• [Exercise] Copy, from the listing, every line in which the string "Summer" is present.

★ ★ ★

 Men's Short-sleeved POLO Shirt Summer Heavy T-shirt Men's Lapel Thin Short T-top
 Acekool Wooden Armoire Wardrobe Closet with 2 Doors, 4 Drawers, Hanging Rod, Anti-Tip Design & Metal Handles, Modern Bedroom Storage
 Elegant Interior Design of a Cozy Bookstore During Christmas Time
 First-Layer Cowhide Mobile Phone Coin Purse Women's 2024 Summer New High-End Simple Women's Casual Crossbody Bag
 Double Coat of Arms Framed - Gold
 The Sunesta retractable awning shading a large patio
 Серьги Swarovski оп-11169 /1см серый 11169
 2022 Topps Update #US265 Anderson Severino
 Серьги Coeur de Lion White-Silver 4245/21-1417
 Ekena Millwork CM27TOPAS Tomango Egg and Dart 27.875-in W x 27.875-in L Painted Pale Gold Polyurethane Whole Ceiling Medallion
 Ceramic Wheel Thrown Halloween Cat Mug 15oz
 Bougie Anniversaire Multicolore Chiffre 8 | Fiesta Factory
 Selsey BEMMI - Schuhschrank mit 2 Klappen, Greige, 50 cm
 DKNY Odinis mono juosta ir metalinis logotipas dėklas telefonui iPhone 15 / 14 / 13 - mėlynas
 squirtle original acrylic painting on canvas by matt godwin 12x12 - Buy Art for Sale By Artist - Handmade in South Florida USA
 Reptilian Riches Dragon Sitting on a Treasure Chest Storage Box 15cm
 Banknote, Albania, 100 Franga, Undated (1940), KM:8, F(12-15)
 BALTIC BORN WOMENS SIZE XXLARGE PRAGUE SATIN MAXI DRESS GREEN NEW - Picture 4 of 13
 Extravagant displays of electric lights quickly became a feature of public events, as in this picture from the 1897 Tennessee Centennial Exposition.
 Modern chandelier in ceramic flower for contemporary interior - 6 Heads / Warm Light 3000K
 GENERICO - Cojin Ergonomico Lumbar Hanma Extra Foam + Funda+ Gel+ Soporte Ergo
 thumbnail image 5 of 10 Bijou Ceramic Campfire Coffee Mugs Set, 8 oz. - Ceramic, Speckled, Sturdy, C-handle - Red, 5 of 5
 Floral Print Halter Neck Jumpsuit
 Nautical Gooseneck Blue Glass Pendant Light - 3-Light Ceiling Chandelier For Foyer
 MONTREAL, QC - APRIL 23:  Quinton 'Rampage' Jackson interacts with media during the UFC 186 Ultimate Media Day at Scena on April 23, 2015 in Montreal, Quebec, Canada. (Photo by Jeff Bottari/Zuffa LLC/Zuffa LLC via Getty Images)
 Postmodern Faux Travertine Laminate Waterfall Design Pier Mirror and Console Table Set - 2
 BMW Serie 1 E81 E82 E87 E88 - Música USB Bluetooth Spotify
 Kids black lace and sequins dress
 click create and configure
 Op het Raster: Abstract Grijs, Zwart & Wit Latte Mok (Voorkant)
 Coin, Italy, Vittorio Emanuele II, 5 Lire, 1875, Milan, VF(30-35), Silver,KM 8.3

★ ★ ★

• [Answer section]
 Men's Short-sleeved POLO Shirt Summer Heavy T-shirt Men's Lapel Thin Short T-top
 First-Layer Cowhide Mobile Phone Coin Purse Women's 2024 Summer New High-End Simple Women's Casual Crossbody Bag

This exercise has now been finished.